The House of Representatives was due to vote in late October on limiting the pay of the Fannie and Freddie CEOs, but that vote was delayed by a combined house budget vote, a vote on reopening the federal Export-Import Bank, and a vote on electing Rep. Paul Ryan, R-Wis., as the new Speaker of the House.
According to the office of U.S. Representative Ed Royce, R- Calif., ”The House took up and passed the Senate version of the bill, and passed it tonight by voice vote, as no House member requested a roll call vote. Essentially, no Member was willing to go on record with their opposition to the bill.”
As a result, Royce’s office said, “Therefore, it’s accurate to say that the entire OC delegation supported the bill, or at the very least no one opposed it enough to request a recorded vote.”
The next step is for the bill to go to the President’s desk to be signed into law. Once signed, the salaries of each CEO will be capped at $600,000.
“The White House previously expressed support for keeping salaries for the CEOs of Fannie and Freddie capped, so it’s expected that President Obama will sign the bill into law soon,” Royce’s office said.
The bill is based on legislation authored by Rep. Royce. Monday’s scheduled House vote was on the Senate version of the GSE CEO pay limit bill, which was authored by Sen. David Vitter, R-La., and Sen. Elizabeth Warren, D-Mass., and passed unanimously in the Senate last month.
Earlier this year, Federal Housing Finance Agency Director Mel Watt authorized the GSEs to propose new executive compensation plans for the position of CEO that may be as high as the 25th percentile of the market, or approximately $7.26 million a year.
But the raises for the GSE CEOs were met with a stern rebuke from Congress. Royce’s bill passed out of the House Financial Services Committee by a 57-1 vote on July 29, 2015.
The bill then received unanimous support in the Senate and passed through the House Monday night.

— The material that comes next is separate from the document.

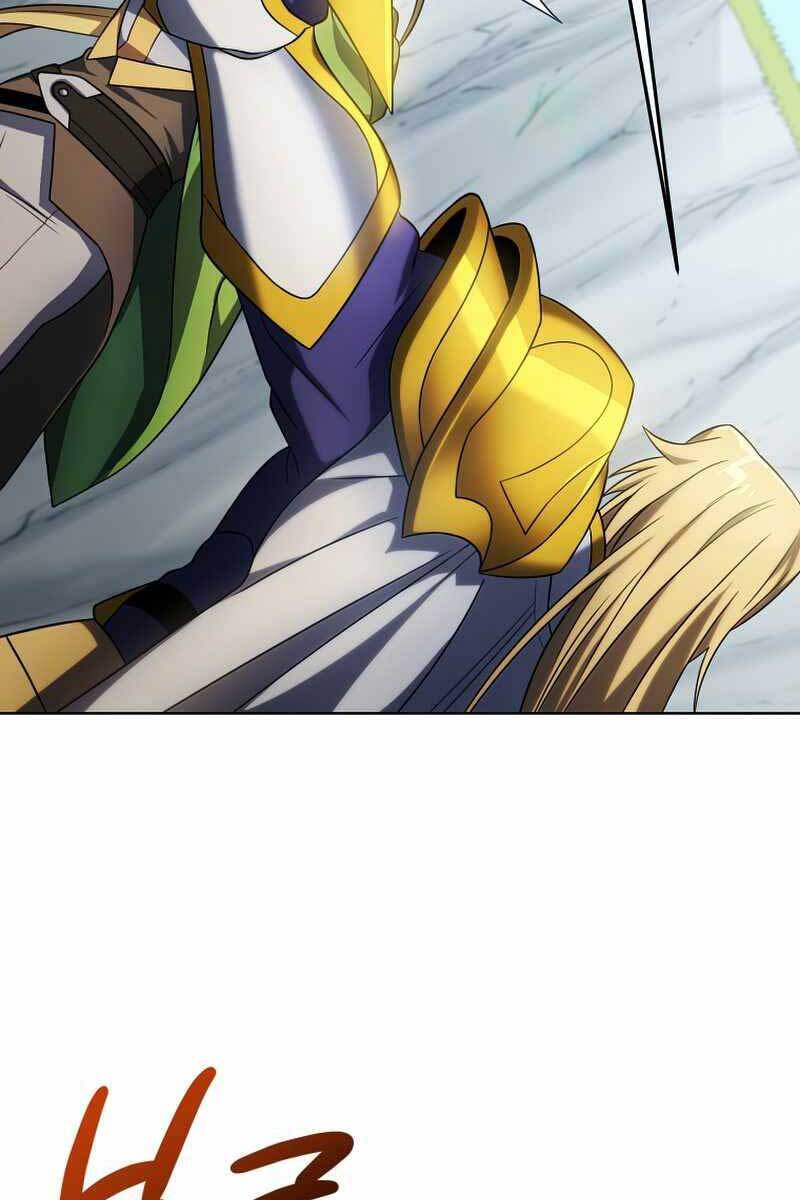 Người Chơi Trở Lại Sau 10000 Năm: Chapter 41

"While this is a victory for taxpayers, the real battle of winding down the GSEs and ending the government's domination of the housing market remains,” said Royce. "My ultimate goal is still comprehensive housing finance reform that brings private capital into the system to eliminate the boom-and-bust cycle that wreaked havoc on the American economy. This task takes on all the more urgency as Fannie and Freddie slip into the red and invite new taxpayer bailouts."